(Information provided Opens)
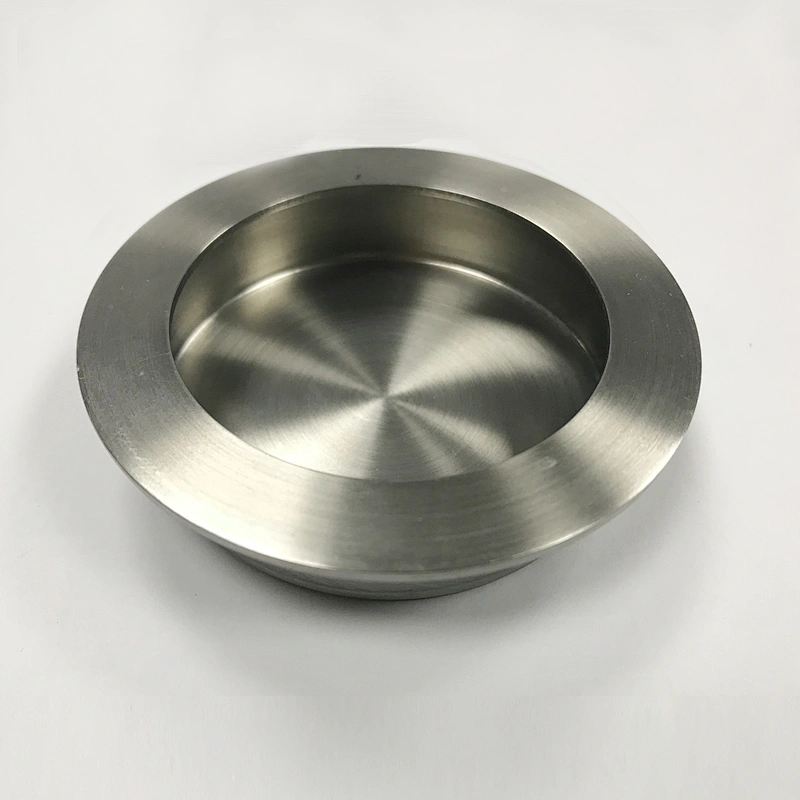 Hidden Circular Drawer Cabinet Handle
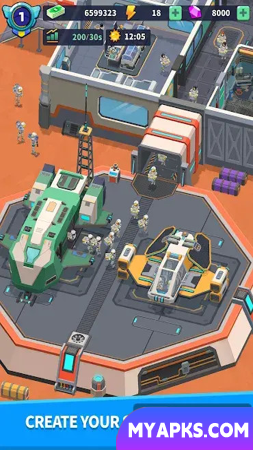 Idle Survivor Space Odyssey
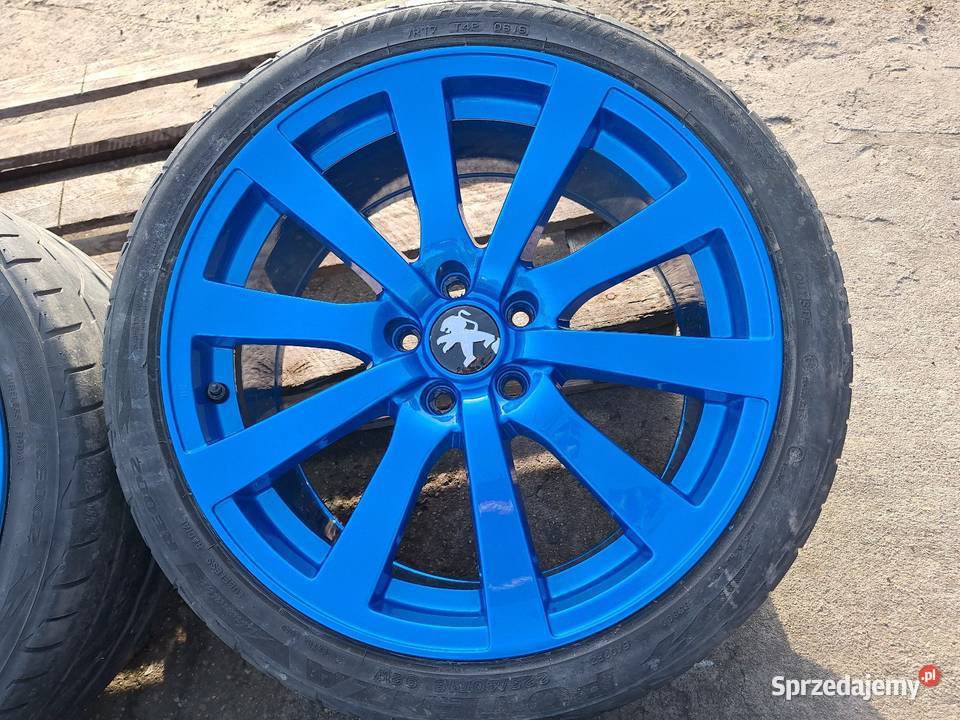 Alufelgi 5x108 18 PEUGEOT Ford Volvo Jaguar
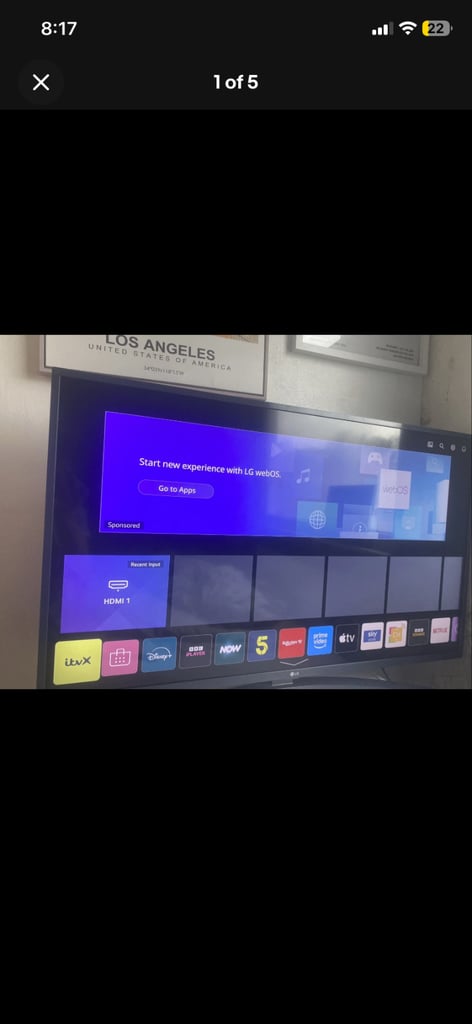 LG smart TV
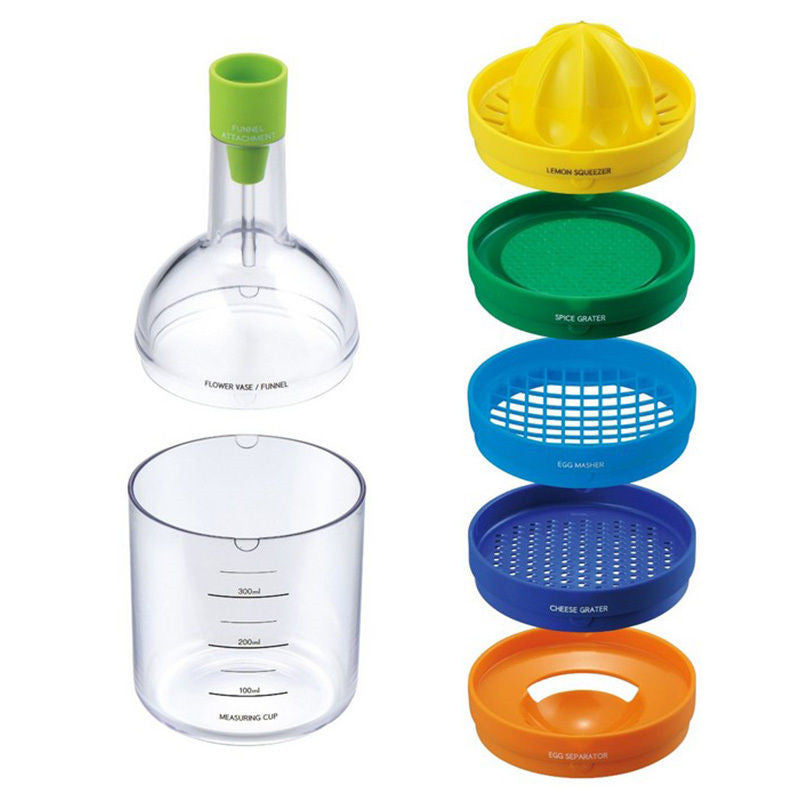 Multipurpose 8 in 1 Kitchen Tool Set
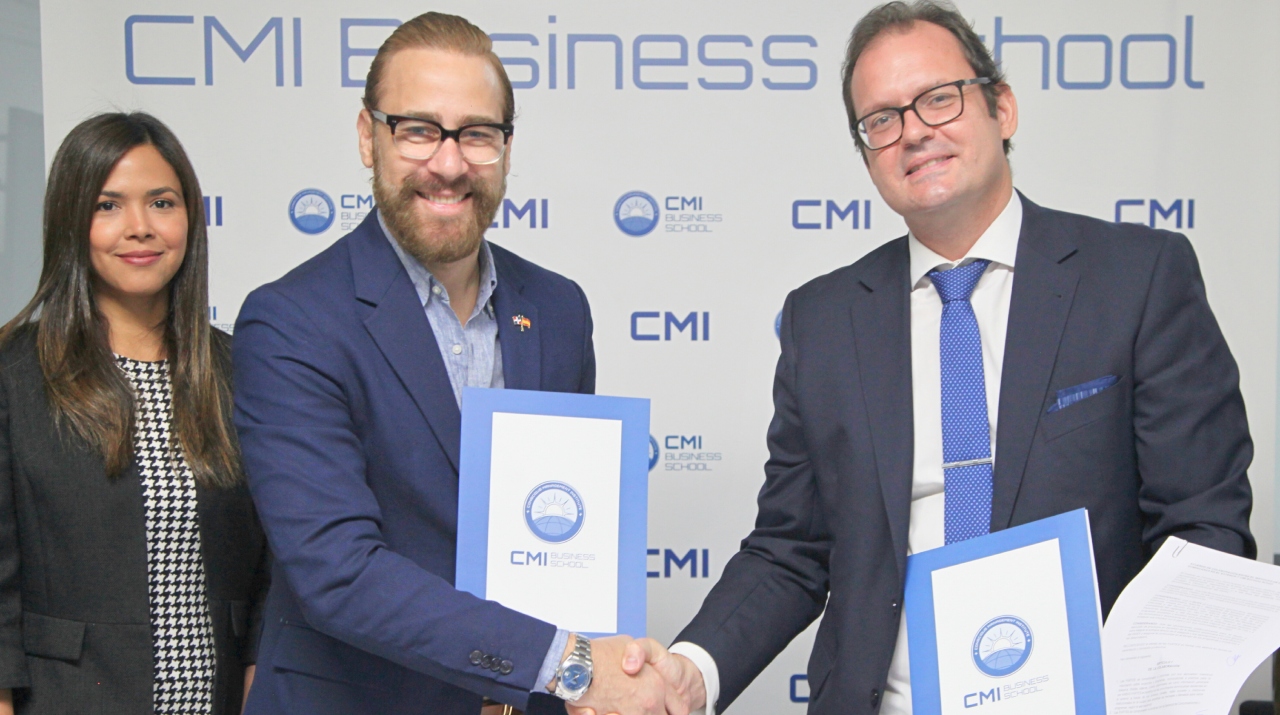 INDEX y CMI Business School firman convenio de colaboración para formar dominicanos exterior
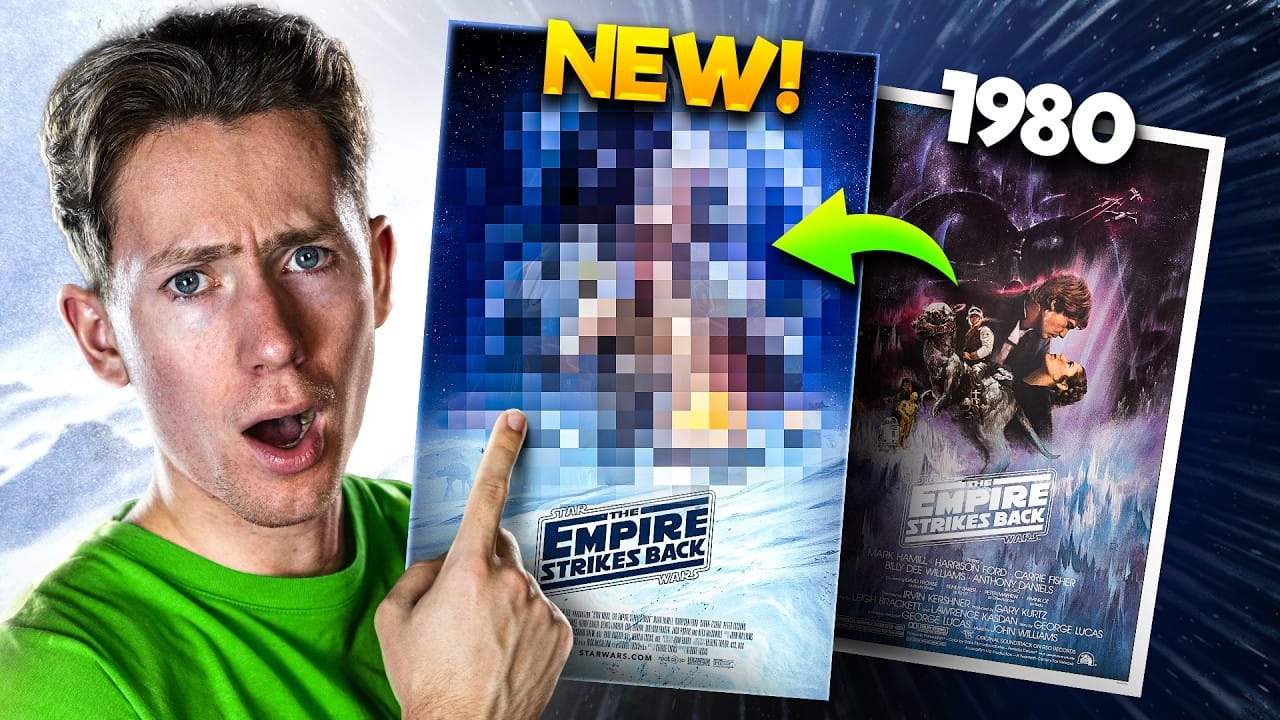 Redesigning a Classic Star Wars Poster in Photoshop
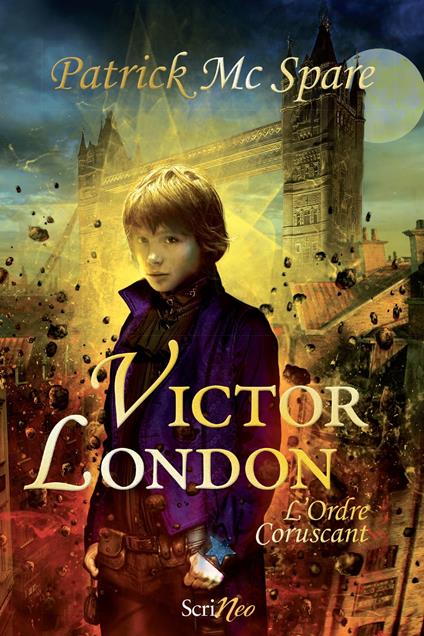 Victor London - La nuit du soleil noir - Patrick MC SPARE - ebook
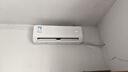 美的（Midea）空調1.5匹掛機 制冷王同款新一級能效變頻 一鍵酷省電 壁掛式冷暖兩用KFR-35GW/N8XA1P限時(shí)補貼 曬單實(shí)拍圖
(Information provided Closes)
▶ _Instructions for the task_
Lines from the one holding "Victor London - La" down to the last line of the entries above must be retyped exactly, inclusive of both, with no pictures and nothing else.

▶ _Solution to this task_
 Victor London - La nuit du soleil noir - Patrick MC SPARE - ebook
 美的（Midea）空調1.5匹掛機 制冷王同款新一級能效變頻 一鍵酷省電 壁掛式冷暖兩用KFR-35GW/N8XA1P限時(shí)補貼 曬單實(shí)拍圖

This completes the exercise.